====== Information supplied ======

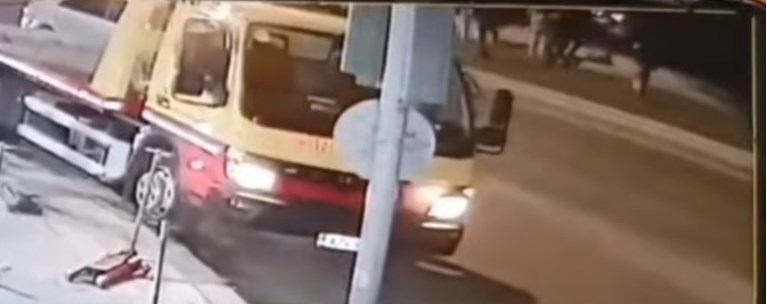 Βίντεο ντοκουμέντο από το τροχαίο δυστύχημα στου Ρέντη με τη νεκρή 12χρονη - "Ο οδηγός έκλαιγε", λέει μάρτυρας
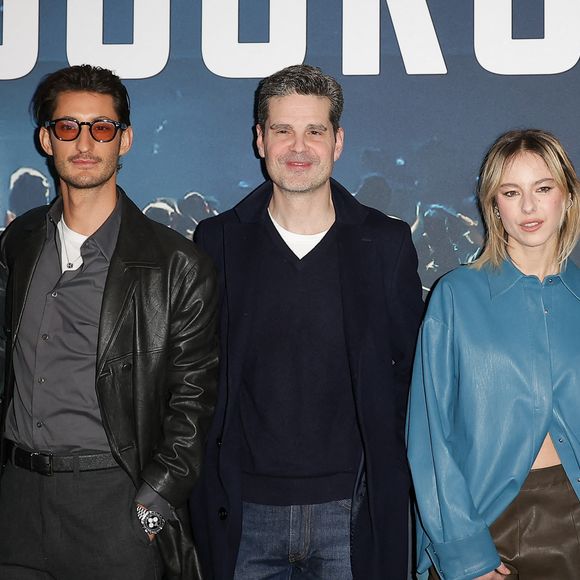 Jonathan Turnbull, Pierre Niney, Yann Gozlan, Marion Barbeau et Christophe Montenez - Avant-première de la série "Gourou" au cinéma Pathé Palace à Paris le 26 janvier 2026. © Coadic Guirec/Bestimage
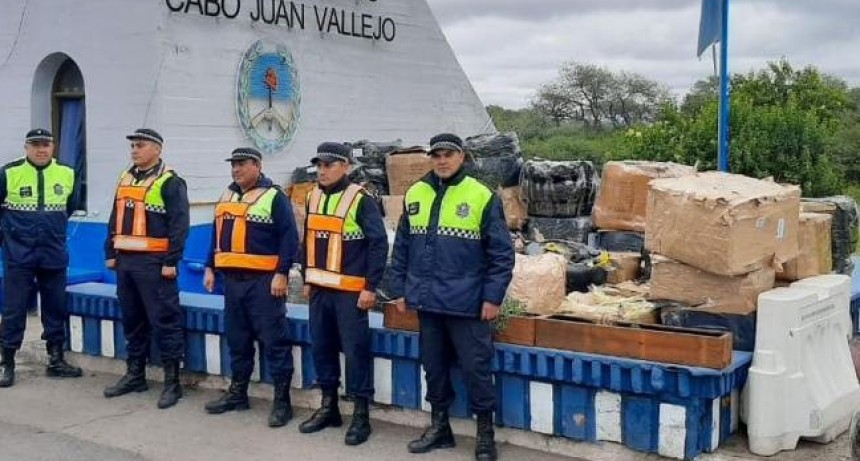 Secuestran 240 kilos de hojas de coca y 200 cubiertas en el puesto Cabo Vallejo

======

Leaving each image aside, repeat the listing above exactly.

 Βίντεο ντοκουμέντο από το τροχαίο δυστύχημα στου Ρέντη με τη νεκρή 12χρονη - "Ο οδηγός έκλαιγε", λέει μάρτυρας
 Jonathan Turnbull, Pierre Niney, Yann Gozlan, Marion Barbeau et Christophe Montenez - Avant-première de la série "Gourou" au cinéma Pathé Palace à Paris le 26 janvier 2026. © Coadic Guirec/Bestimage
 Secuestran 240 kilos de hojas de coca y 200 cubiertas en el puesto Cabo Vallejo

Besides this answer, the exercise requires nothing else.